## MATERIAL FOR THE TASK
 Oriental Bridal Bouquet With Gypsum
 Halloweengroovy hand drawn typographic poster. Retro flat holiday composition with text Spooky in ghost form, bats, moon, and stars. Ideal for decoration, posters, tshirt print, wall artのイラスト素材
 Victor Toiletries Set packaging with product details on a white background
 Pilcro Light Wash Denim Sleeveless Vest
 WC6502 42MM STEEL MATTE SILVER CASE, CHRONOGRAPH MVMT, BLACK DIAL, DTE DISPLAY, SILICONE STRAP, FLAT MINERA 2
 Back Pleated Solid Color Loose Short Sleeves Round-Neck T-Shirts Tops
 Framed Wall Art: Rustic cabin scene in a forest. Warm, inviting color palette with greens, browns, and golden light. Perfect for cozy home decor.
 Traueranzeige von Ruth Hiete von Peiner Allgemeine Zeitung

==

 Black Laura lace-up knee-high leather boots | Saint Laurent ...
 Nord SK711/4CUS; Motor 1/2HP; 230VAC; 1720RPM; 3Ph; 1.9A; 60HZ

## WORK ITEM
From the entries above, restate word for word the lines from the line containing "Halloweengroovy hand drawn" to the line containing "Pilcro Light Wash Denim Sleeveless Vest", both ends included, and nothing more.

## RESPONSE AREA
 Halloweengroovy hand drawn typographic poster. Retro flat holiday composition with text Spooky in ghost form, bats, moon, and stars. Ideal for decoration, posters, tshirt print, wall artのイラスト素材
 Victor Toiletries Set packaging with product details on a white background
 Pilcro Light Wash Denim Sleeveless Vest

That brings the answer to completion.